(Image-caption web data)

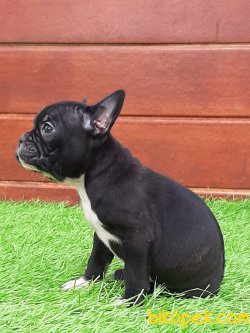Orjınal French Bulldog Yavruları 1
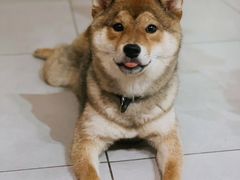 -柴务处·柴犬主题狗咖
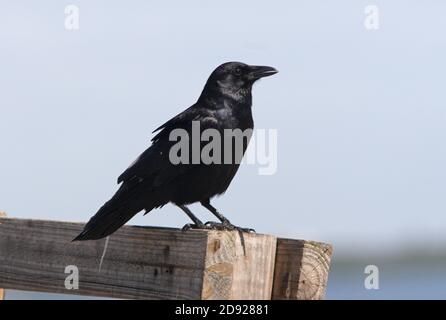 Fish Crow (Corvus ossifragus) adulto arroccato sulla recinzione Sanibel Island, Florida Febbraio Foto Stock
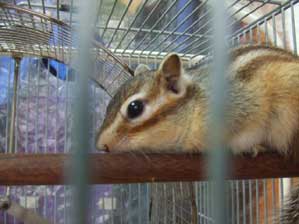 ����Ȃ��ƌ������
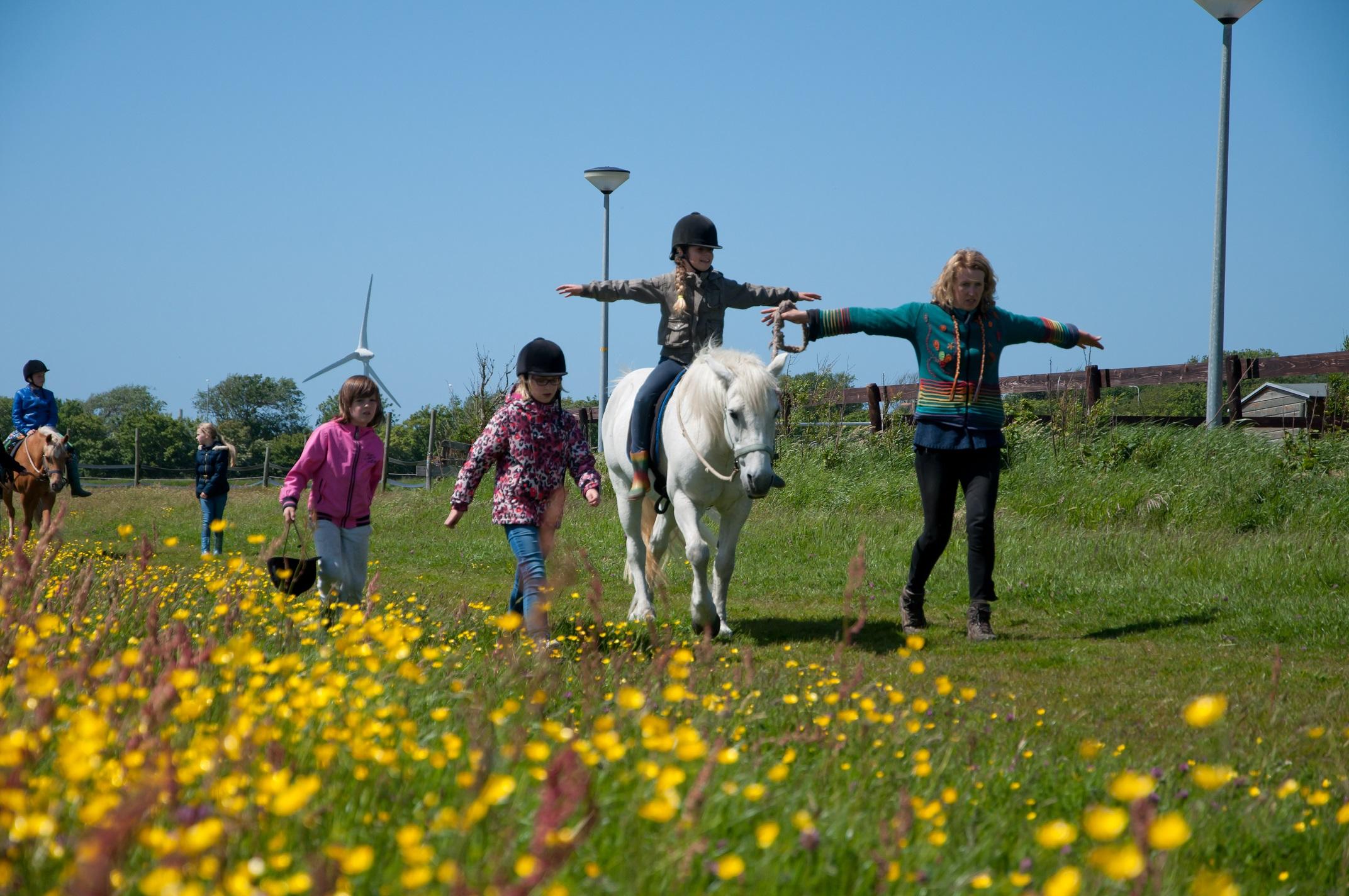 Manege Dapperstal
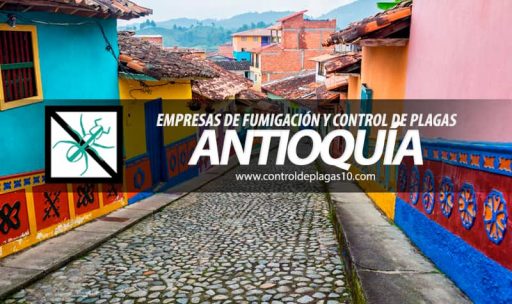 empresas de fumigacion y control de plagas antioquia colombia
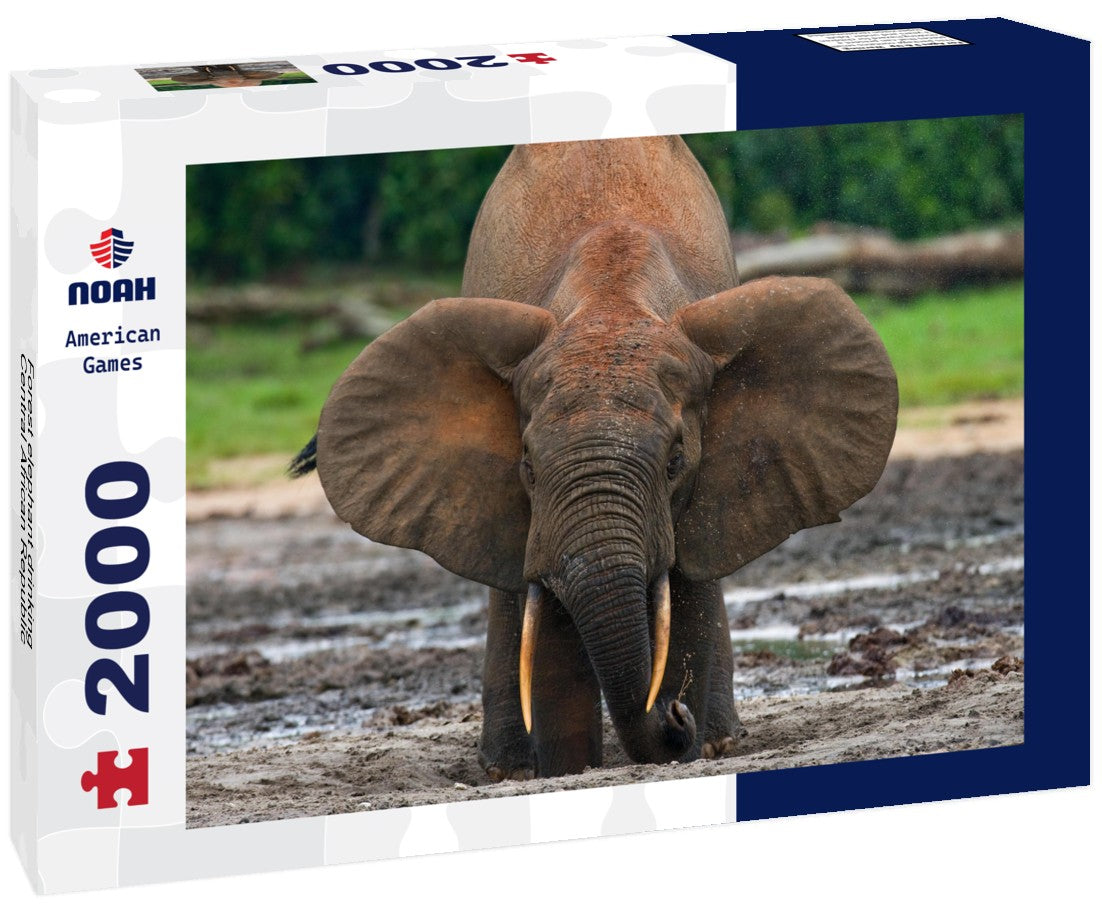 Noah Jigsaw Puzzle Forest elephant drinking, Central African Republic 2000 pieces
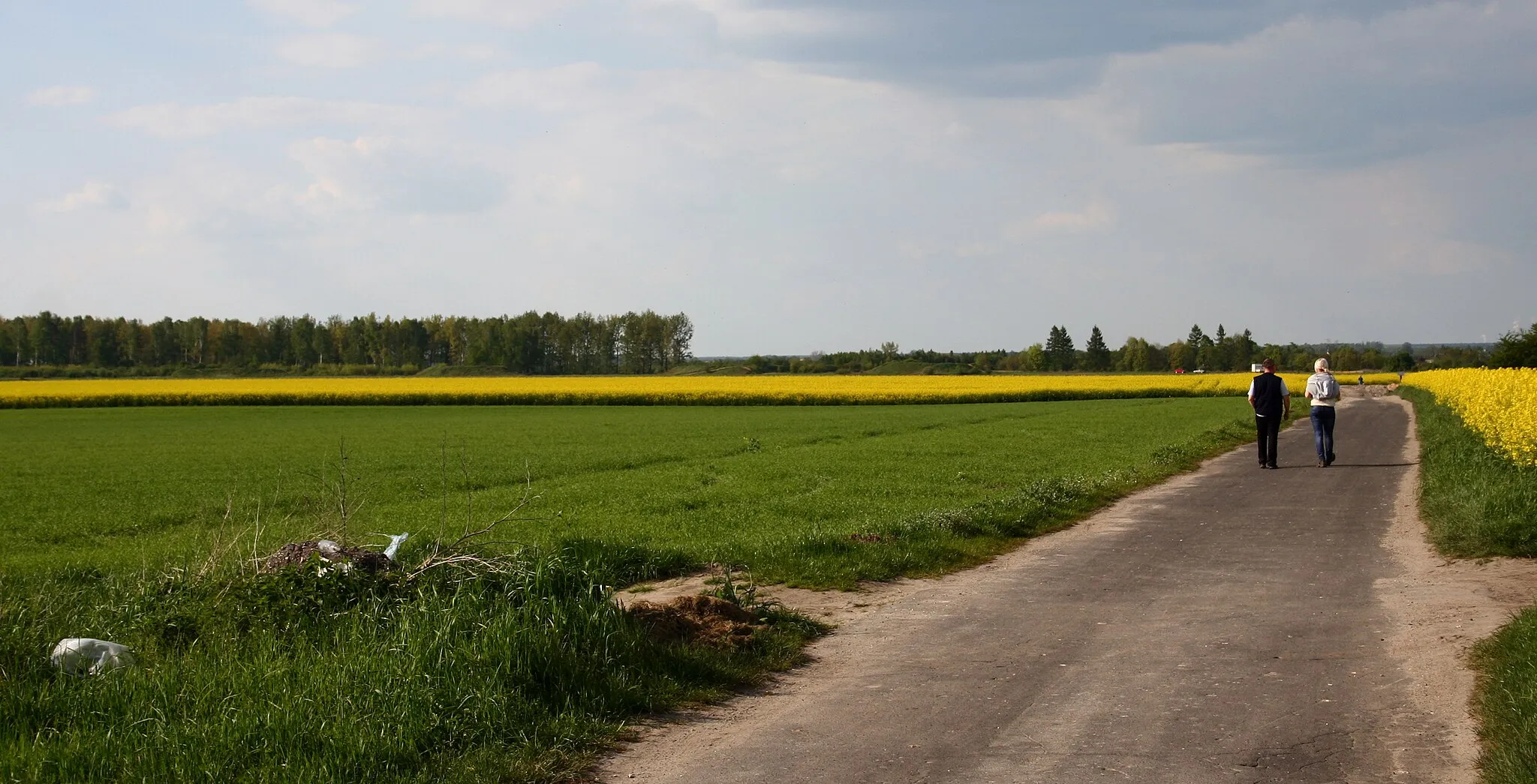 Photo showing: Marianka Rędzińska, ul. Prosta - miejsce spacerów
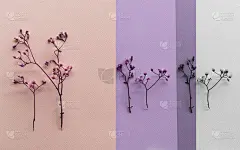 野生的小紫罗兰或紫色花在粉白色灰蜡笔纸卡为春天的自然背景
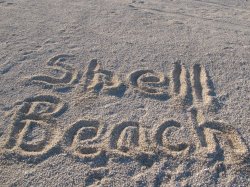 IMG_1479~0.jpg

**Your objective**. Reproduce all of the entries exactly as they appear, though any picture they include must be omitted.

**Reply to the task**.
Orjınal French Bulldog Yavruları 1
 -柴务处·柴犬主题狗咖
 Fish Crow (Corvus ossifragus) adulto arroccato sulla recinzione Sanibel Island, Florida Febbraio Foto Stock
 ����Ȃ��ƌ������
 Manege Dapperstal
 empresas de fumigacion y control de plagas antioquia colombia
 Noah Jigsaw Puzzle Forest elephant drinking, Central African Republic 2000 pieces
 Photo showing: Marianka Rędzińska, ul. Prosta - miejsce spacerów
 野生的小紫罗兰或紫色花在粉白色灰蜡笔纸卡为春天的自然背景
 IMG_1479~0.jpg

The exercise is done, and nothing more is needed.